#### INSTRUCTIONS FOR THE TASK
Starting with the line that contains "2 bedroom ground", return every line through the end of the listing below exactly as written. Omit the pictures.

#### DATA FOR THIS EXERCISE
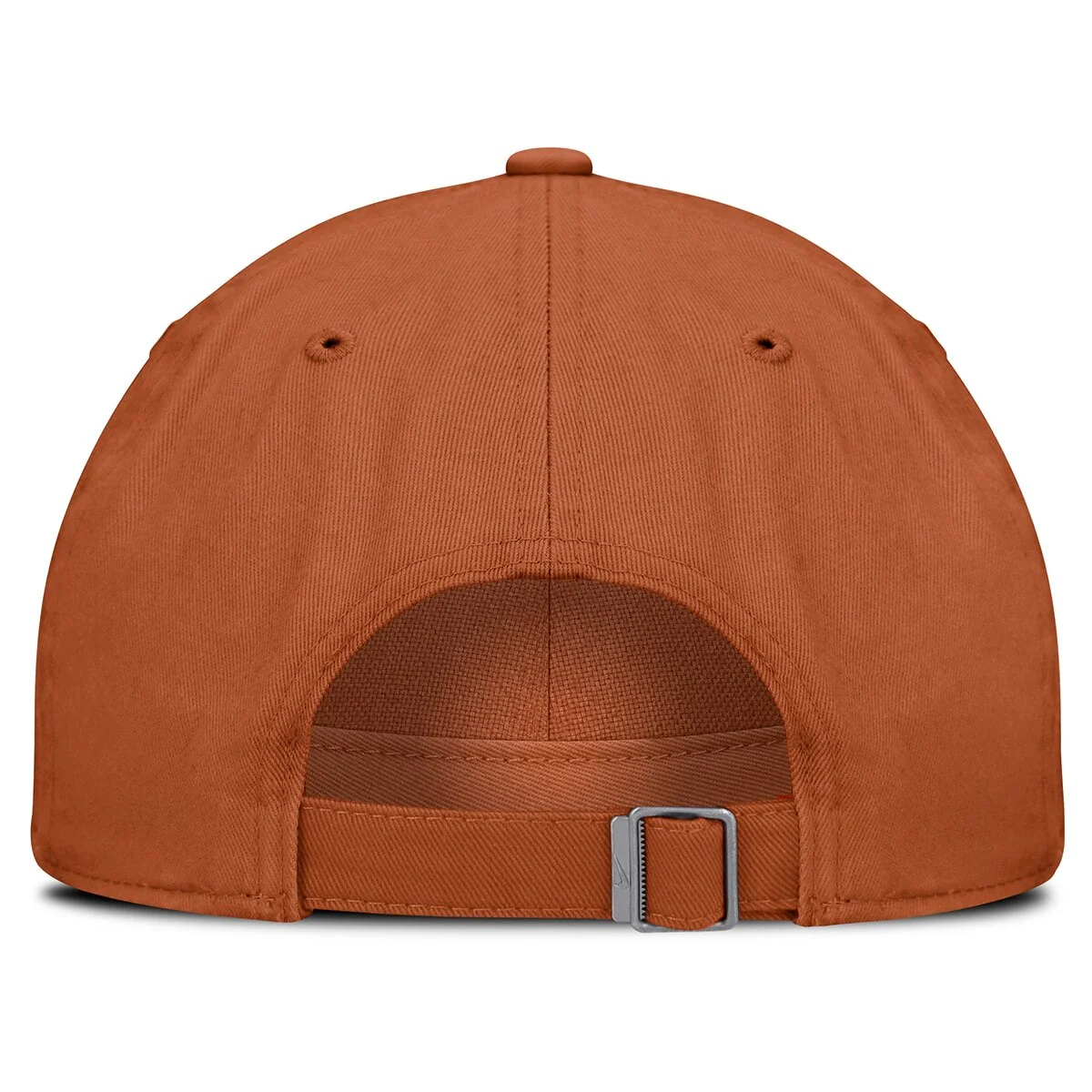 Nike Texas Longhorns Primetime Club Unstructured Hat - Image 4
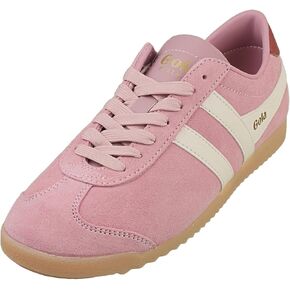 Gola Bullet Suede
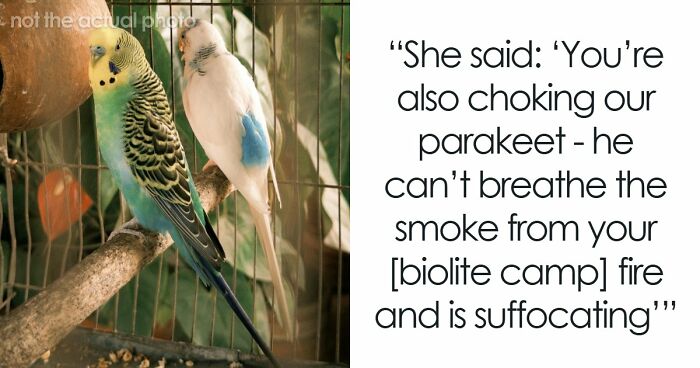 34 True Stories About Neighbors From Hell Making Every Single Day A Hassle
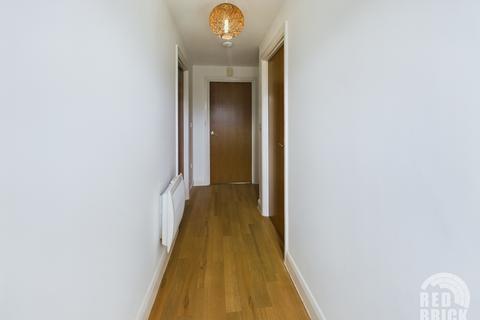2 bedroom ground floor flat for sale, Tile Hill Lane, Coventry CV4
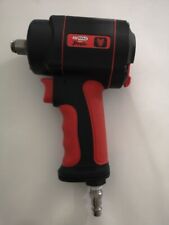 Mini druckluft schlagschrauber gebraucht kaufen  Idstein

#### EXERCISE OUTPUT
2 bedroom ground floor flat for sale, Tile Hill Lane, Coventry CV4
 Mini druckluft schlagschrauber gebraucht kaufen  Idstein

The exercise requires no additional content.